2
votes

I have two different UIViewControllers on the same UINavigationController. Both contain a tableview. If one of the cells on the first view controller is tapped, the second controller is pushed. If one of the cells in the second is pushed, another instance of the second controller is pushed.

When using the back button to go back, this all works perfectly. However, when using iOS 7's interactivePopGestureRecognizer, moving from one instance of the second view to another causes a crash.

I have statements logging the navigation controller activity and the gesture recognizer start.

This is the output when starting and then canceling the pop gesture:

Push <ViewController2: 0x15597f60>
Will show <ViewController2: 0x15597f60>
Did show <ViewController2: 0x15597f60>

Push <ViewController2: 0x15638b80>
Will show <ViewController2: 0x15638b80>
Did show <ViewController2: 0x15638b80>

Interactive pop started
Will show <ViewController2: 0x15597f60>

-navigationController:didShowViewController:animated: is never called. After this, attempting the gesture again will take you back to the first view controller (i.e. one pop too many), but the navigation bar will still display a back button and the title of the second view.
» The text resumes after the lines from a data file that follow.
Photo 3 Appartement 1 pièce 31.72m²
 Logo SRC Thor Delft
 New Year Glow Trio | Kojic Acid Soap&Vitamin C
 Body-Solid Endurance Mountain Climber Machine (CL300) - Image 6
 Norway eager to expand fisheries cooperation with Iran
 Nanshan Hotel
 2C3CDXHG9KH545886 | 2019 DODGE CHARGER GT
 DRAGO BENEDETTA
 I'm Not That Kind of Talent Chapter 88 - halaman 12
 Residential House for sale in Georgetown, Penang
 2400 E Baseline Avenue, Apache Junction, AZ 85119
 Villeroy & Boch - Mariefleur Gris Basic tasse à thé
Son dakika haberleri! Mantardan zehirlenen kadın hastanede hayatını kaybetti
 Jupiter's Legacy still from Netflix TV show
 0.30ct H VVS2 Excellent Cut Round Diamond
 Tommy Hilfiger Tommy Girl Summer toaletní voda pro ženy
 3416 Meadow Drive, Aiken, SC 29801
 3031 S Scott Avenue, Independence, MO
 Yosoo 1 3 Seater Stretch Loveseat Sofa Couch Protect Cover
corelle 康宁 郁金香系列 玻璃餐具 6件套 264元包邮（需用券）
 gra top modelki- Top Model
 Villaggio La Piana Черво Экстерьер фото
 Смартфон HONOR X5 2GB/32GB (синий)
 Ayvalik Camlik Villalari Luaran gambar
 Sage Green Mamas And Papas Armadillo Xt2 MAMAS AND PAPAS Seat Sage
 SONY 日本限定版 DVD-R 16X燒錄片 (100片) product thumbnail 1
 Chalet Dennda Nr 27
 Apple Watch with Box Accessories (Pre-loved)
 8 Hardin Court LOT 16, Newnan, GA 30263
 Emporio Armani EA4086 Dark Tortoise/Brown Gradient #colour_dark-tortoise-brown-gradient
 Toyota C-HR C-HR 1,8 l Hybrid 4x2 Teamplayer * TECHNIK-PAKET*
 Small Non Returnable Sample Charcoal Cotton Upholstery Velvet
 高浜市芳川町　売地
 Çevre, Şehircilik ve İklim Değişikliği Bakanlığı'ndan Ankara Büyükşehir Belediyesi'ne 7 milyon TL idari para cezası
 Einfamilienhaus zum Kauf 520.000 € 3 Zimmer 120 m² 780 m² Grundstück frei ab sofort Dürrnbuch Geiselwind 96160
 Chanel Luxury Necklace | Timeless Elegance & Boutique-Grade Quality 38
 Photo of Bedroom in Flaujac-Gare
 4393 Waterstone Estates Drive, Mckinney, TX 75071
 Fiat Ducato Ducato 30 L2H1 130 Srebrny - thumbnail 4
And then this is the output when attempting to pop normally:

Push <ViewController2: 0x15597f60>
Will show <ViewController2: 0x15597f60>
Did show <ViewController2: 0x15597f60>

Push <ViewController2: 0x15638b80>
Will show <ViewController2: 0x15638b80>
Did show <ViewController2: 0x15638b80>

Interactive pop started
Will show <ViewController2: 0x15597f60>
Unbalanced calls to begin/end appearance transitions for <ViewController1: 0x156e7050>.
Did show <ViewController1: 0x156e7050>

Any ideas as to why this is occurring?

1
how come the second run (pop normally) will display "interactive pop started"? is this just the normal action handler that prints the log? or are you doing something different?sergio
What are you trying to accomplish? Do you want to tie the recogniser to another recogniser? It should just work as expected without any code. If you are pushing the view controllers correctly onto the navigation stack there should not be any problems.Mundi
@sergio I have NSLog statements in the gesture recognizer's delegate to print "Interactive pop started"jaggedcow
@Mundi I'm just trying to use it normally, nothing special. The only reason I touched the recognizer at all was because it wasn't working properly.jaggedcow

1 Answers

2
votes

The problem is that the navbar is hidden. If you enable the navbar, the problem goes away. It's definitely a bug in Apple's implementation. Found the answer right when I put a bounty on it. Yikes.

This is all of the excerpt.